Note: As is the case with all assignments I set, if you do the minimum (correctly), then you will receive half marks. Additional marks are awarded for those assignments where you have clearly put in additional thought, whether it be in visualization, modelling, succinctness, or coding elegance.

Write a Review

Other Subject Questions & Answers

  Cross-cultural opportunities and conflicts in canada

Short Paper on Cross-cultural Opportunities and Conflicts in Canada.

  Sociology theory questions

Sociology are very fundamental in nature. Role strain and role constraint speak about the duties and responsibilities of the roles of people in society or in a group. A short theory about Darwin and Moths is also answered.

  A book review on unfaithful angels

This review will help the reader understand the social work profession through different concepts giving the glimpse of why the social work profession might have drifted away from its original purpose of serving the poor.

  Disorder paper: schizophrenia

Schizophrenia does not really have just one single cause. It is a possibility that this disorder could be inherited but not all doctors are sure.

  Individual assignment: two models handout and rubric

Individual Assignment : Two Models Handout and Rubric,    This paper will allow you to understand and evaluate two vastly different organizational models and to effectively communicate their differences.

  Developing strategic intent for toyota

The following report includes the description about the organization, its strategies, industry analysis in which it operates and its position in the industry.

  Gasoline powered passenger vehicles

In this study, we examine how gasoline price volatility and income of the consumers impacts consumer's demand for gasoline.

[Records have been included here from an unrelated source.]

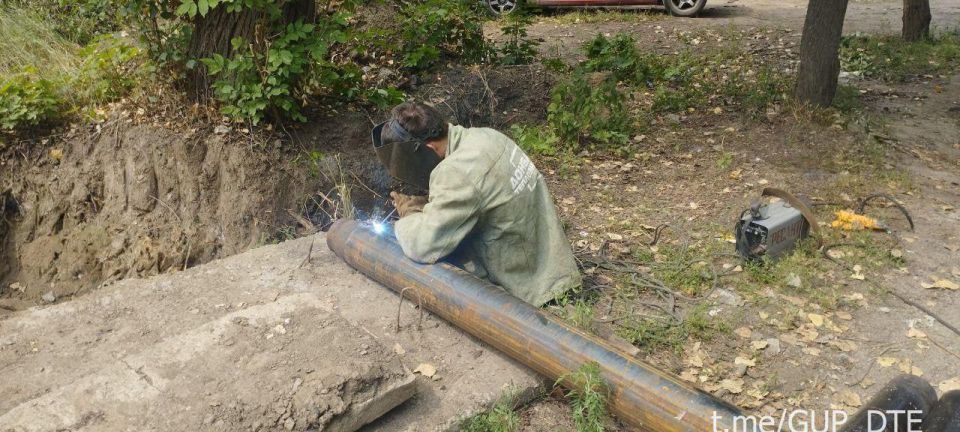 СПЕЦИАЛИСТЫ «ГОРЛОВКАТЕПЛОСЕТИ» ПРОВОДЯТ ЗАМЕНУ ТЕПЛОТРАСС В НИКИТОВСКОМ И ЦЕНТРАЛЬНО-ГОРОДСКОМ РАЙОНАХ ГОРОДА СПЕЦИАЛИСТЫ «ГОРЛОВКАТЕПЛОСЕТИ» ПРОВОДЯТ ЗАМЕНУ ТЕПЛОТРАСС В НИКИТОВСКОМ И ЦЕНТРАЛЬНО-ГОРОДСКОМ РАЙОНАХ ГОРОДА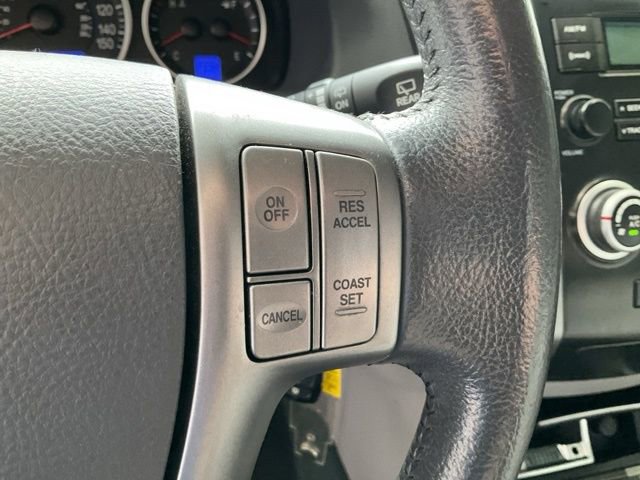 Used 2012 Hyundai Veracruz GLS w/ Premium Pkg image 12
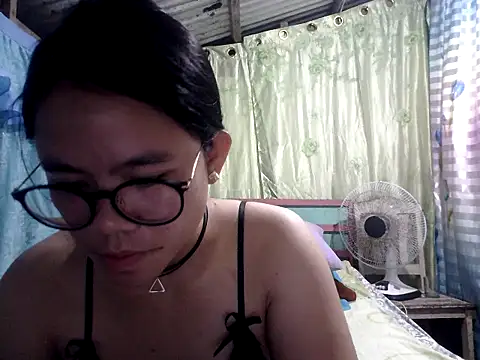 Snapshot of xxdreamgirl69 chatting on 02.14.26 xxdreamgirl69 online show from 02.14.26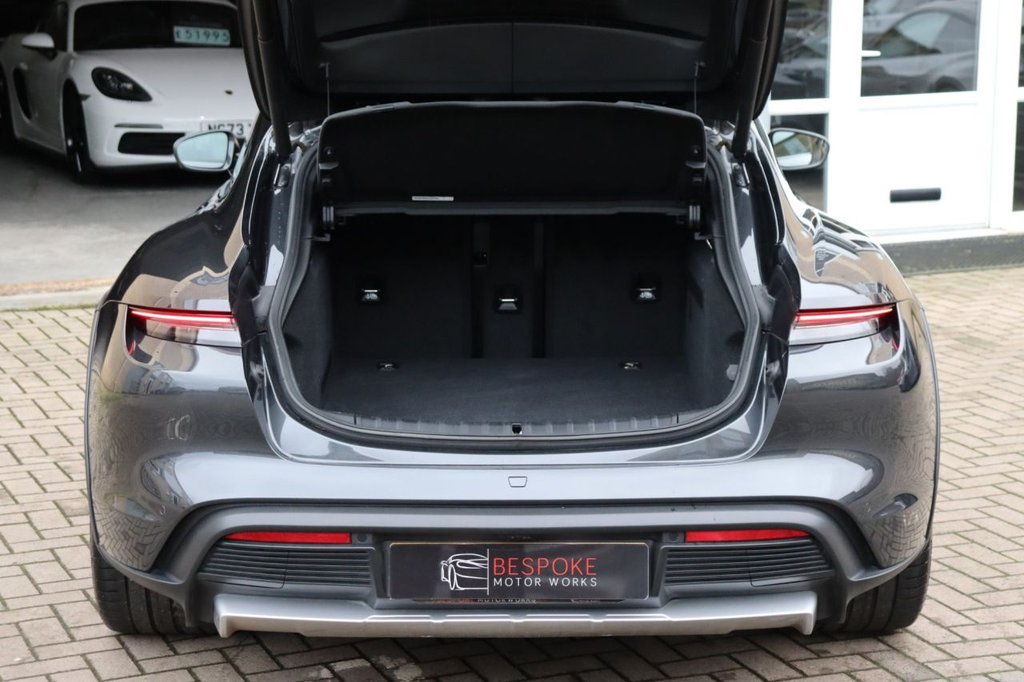 Used Porsche Taycan 2021 for sale - 77394759: Photo 36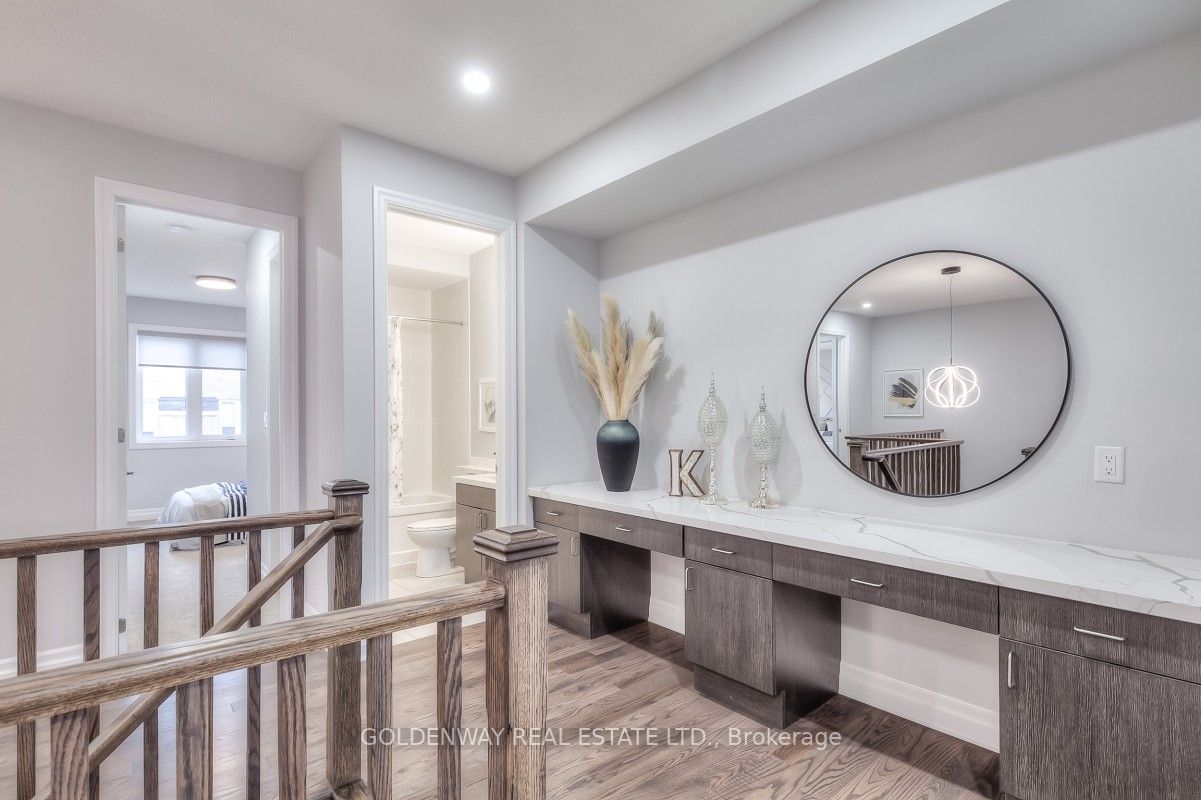 209 Degraaf Cres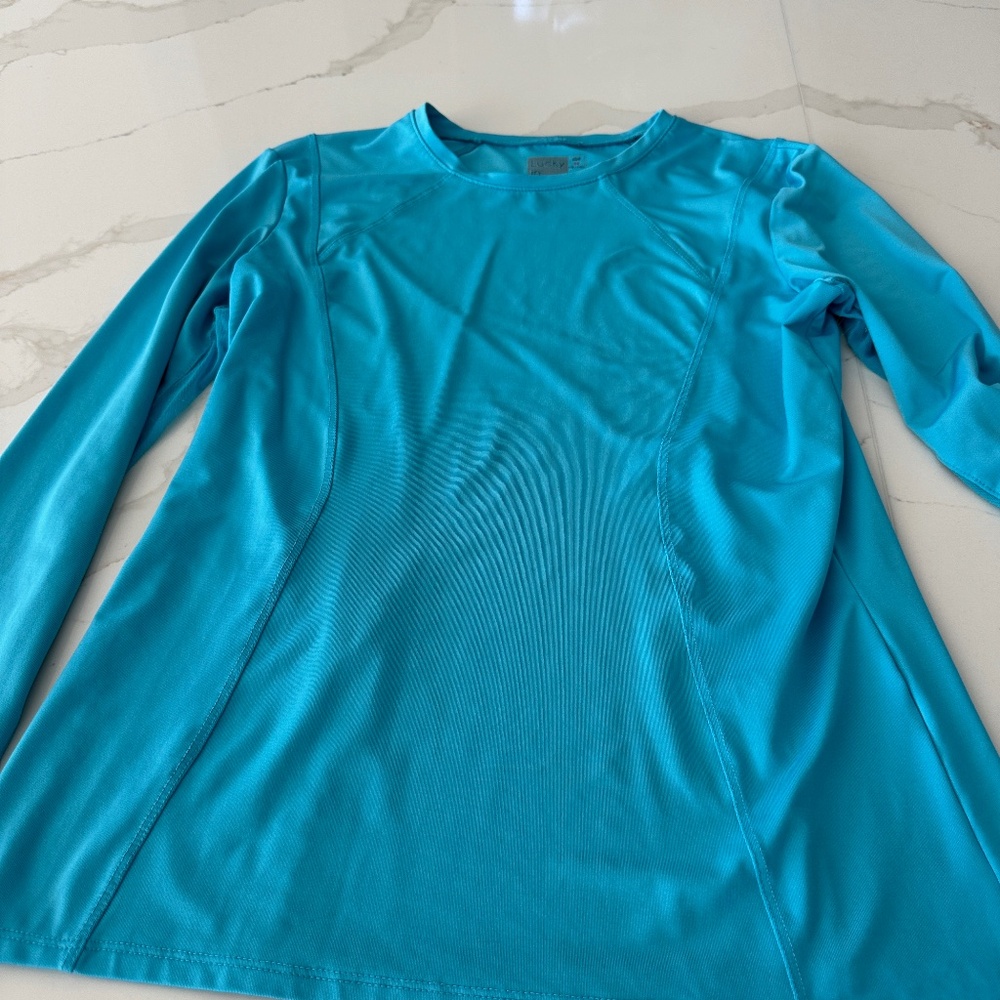 ladies long sleeves sports top size M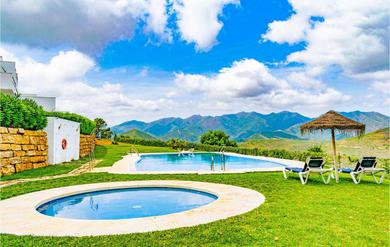 Дом отдыха Amazing home in La Mairena with Outdoor swimming pool, WiFi and 3 Bedrooms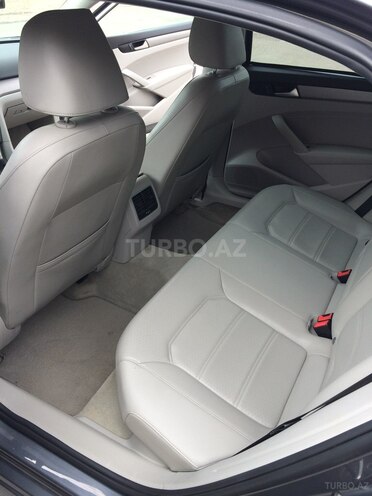 Volkswagen Passat 2013, 92,000 km - 1.8 л - Gədəbəy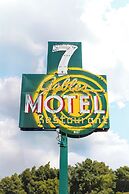 7 Gables Motel
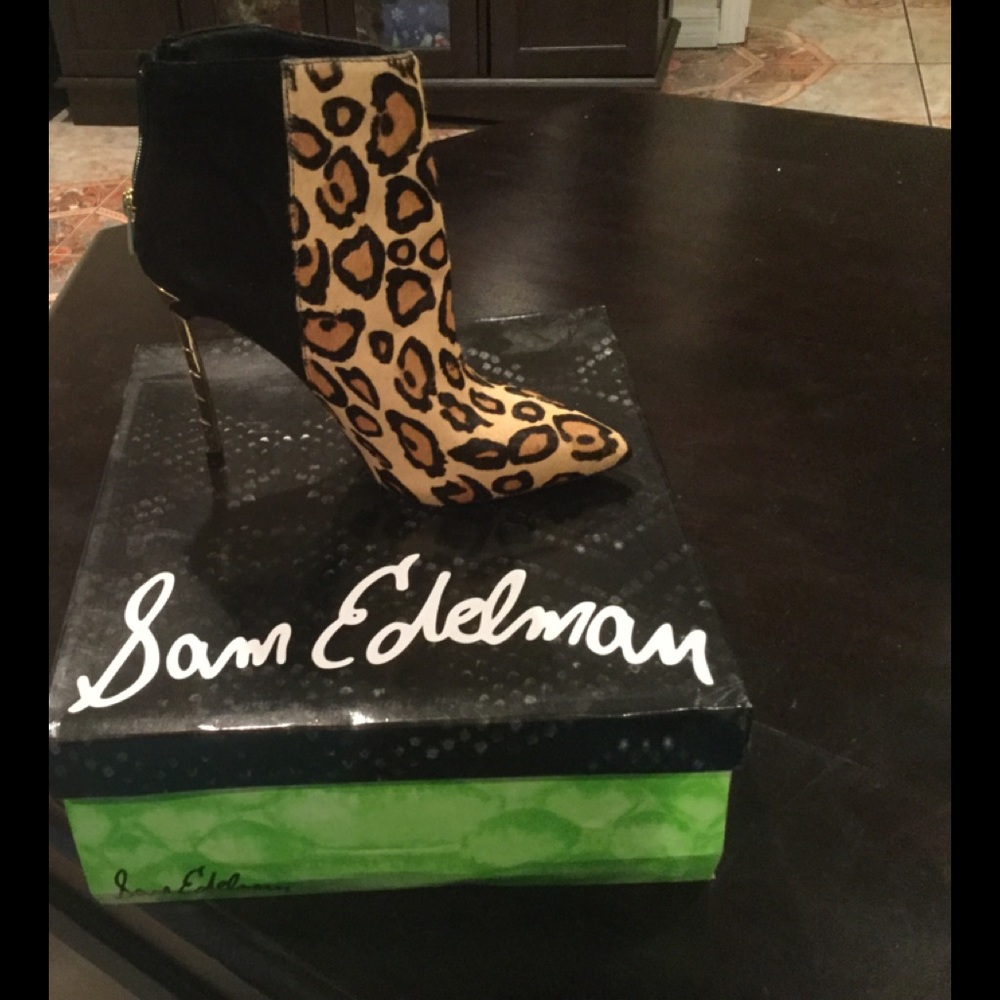 Leopard calf hair booties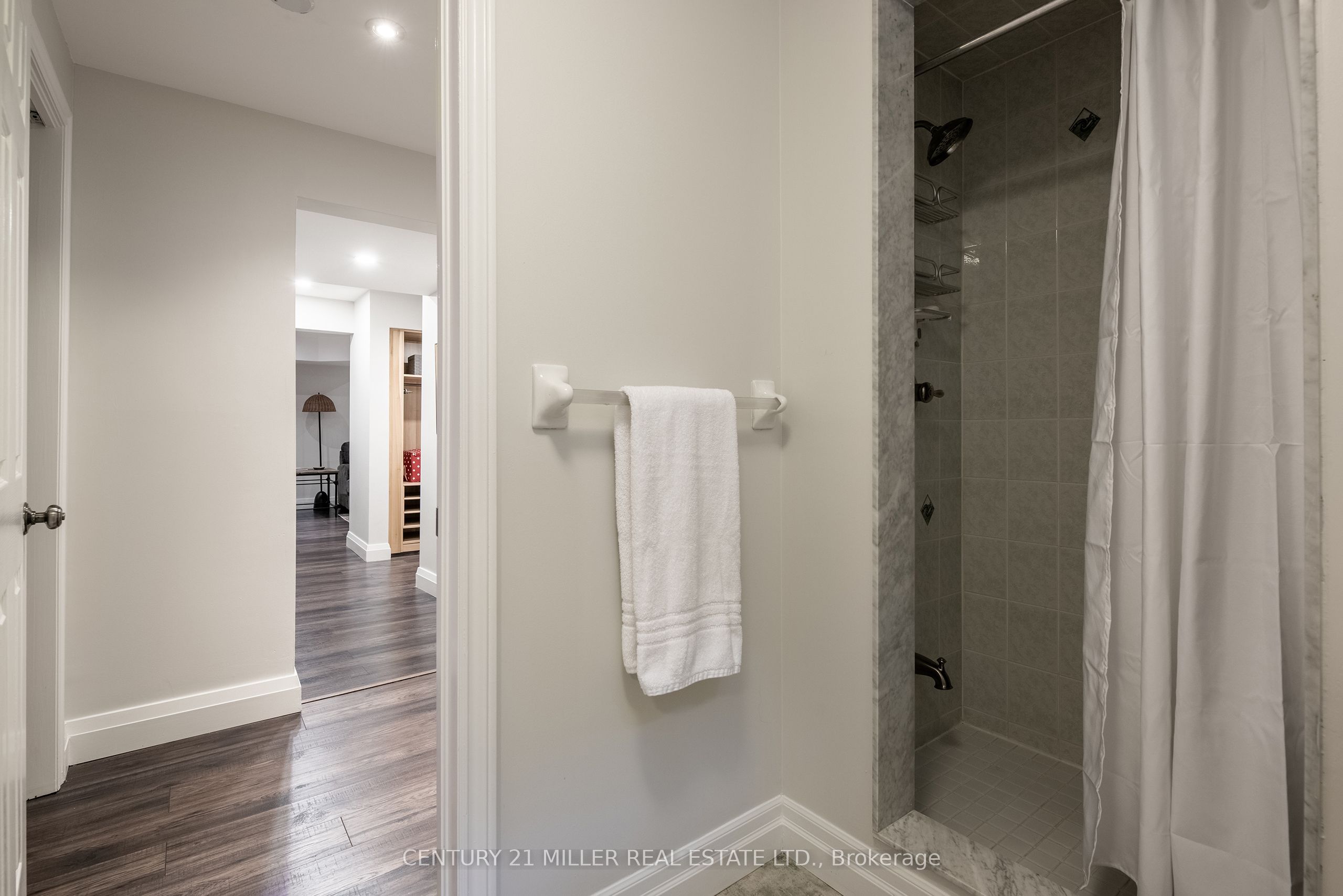 Listing 266272 Image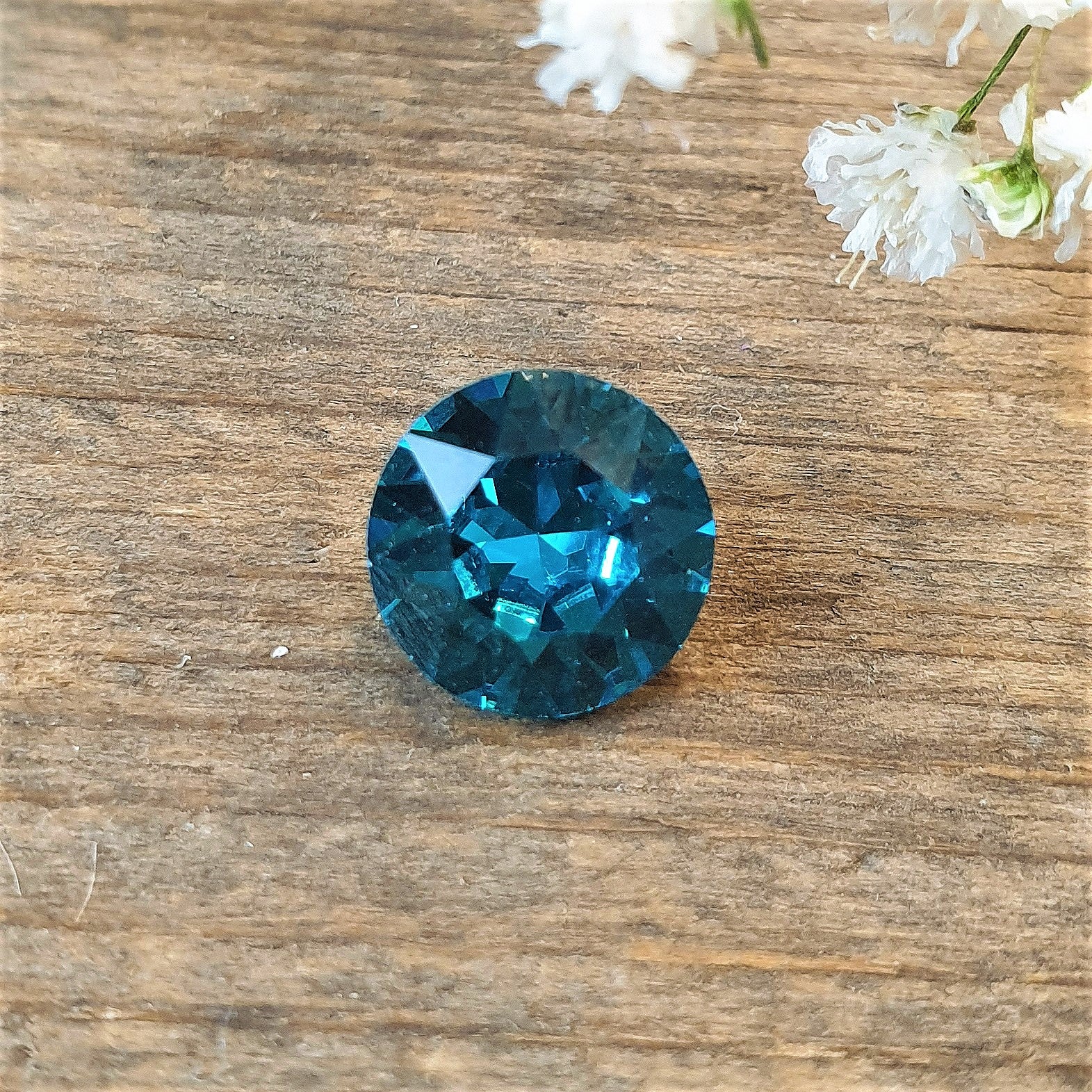 Swarovski point stone Blue zircon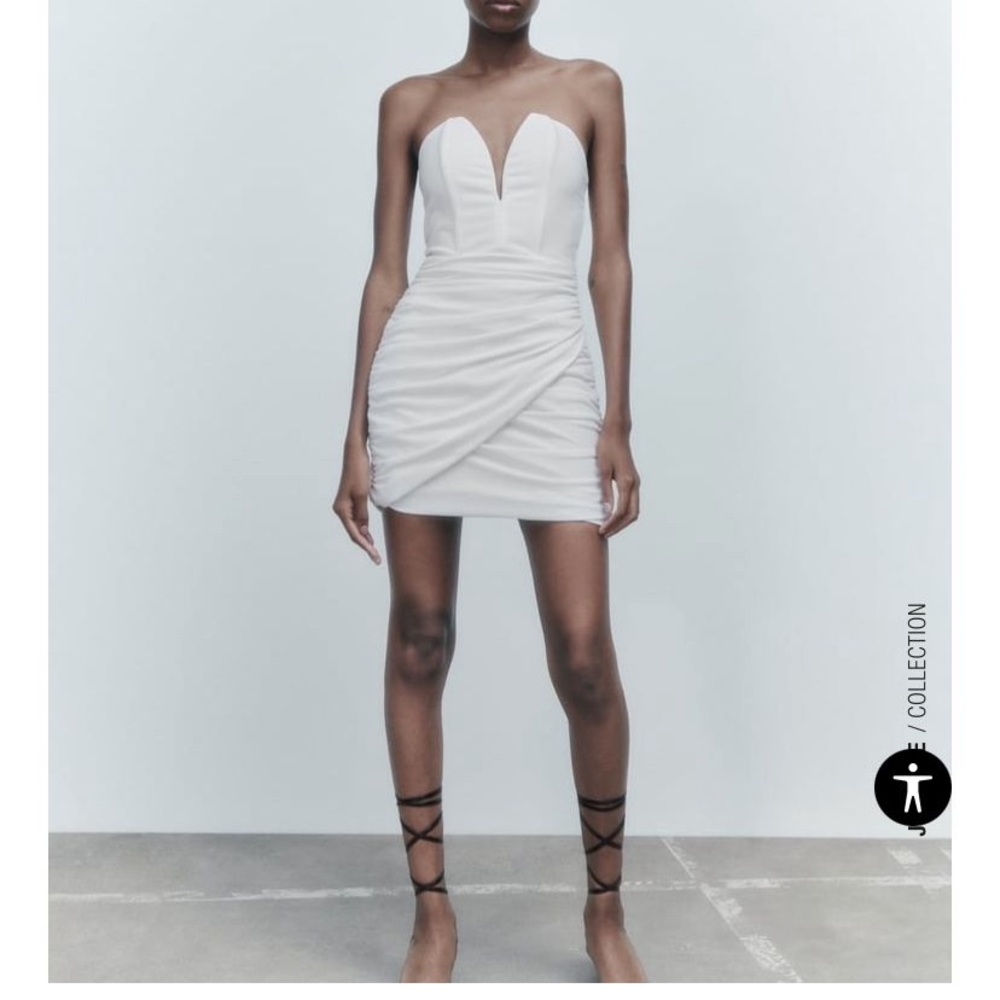White Sweetheart Neckline Dress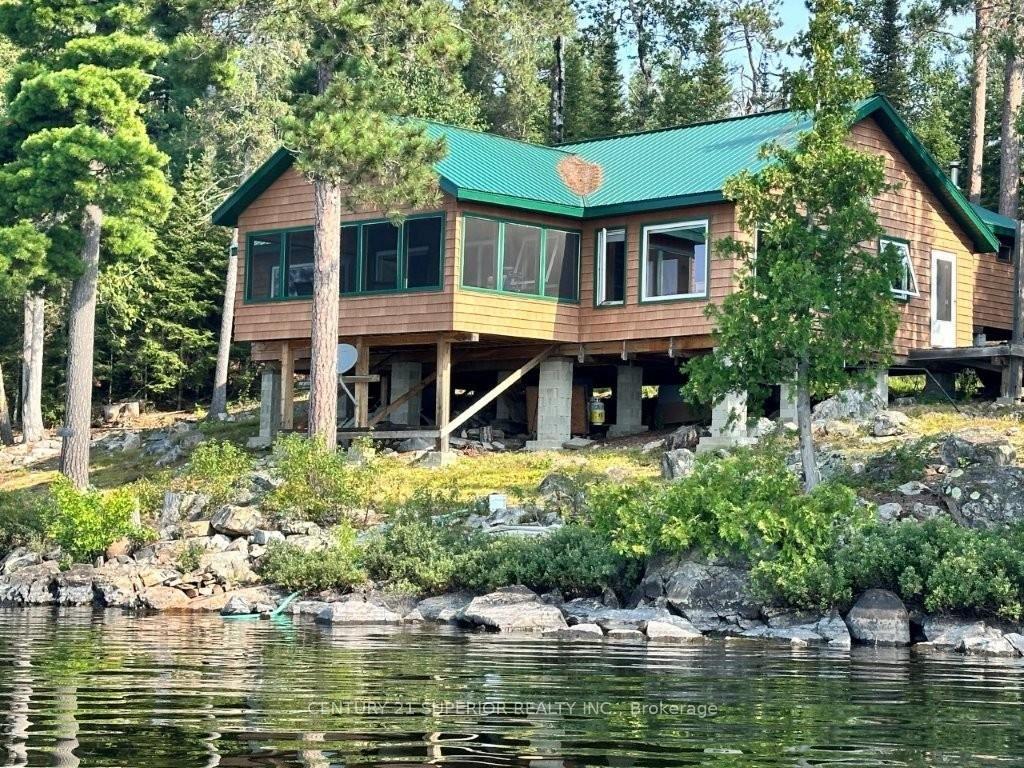 eagles-nest-thunder-bay-remote-area-ontario-x13251238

  An aspect of poverty in canada

Economics thesis undergrad 4th year paper to write. it should be about 22 pages in length, literature review, economic analysis and then data or cost benefit analysis.

  Ngn customer satisfaction qos indicator for 3g services

The paper aims to highlight the global trends in countries and regions where 3G has already been introduced and propose an implementation plan to the telecom operators of developing countries.

  Prepare a power point presentation

Prepare the power point presentation for the case: Santa Fe Independent School District

  Information literacy is important in this environment

Information literacy is critically important in this contemporary environment

  Associative property of multiplication

Write a definition for associative property of multiplication.

Free Assignment Quote

Assured A++ Grade

Get guaranteed satisfaction & time on delivery in every assignment order you paid with us! We ensure premium quality solution document along with free turntin report!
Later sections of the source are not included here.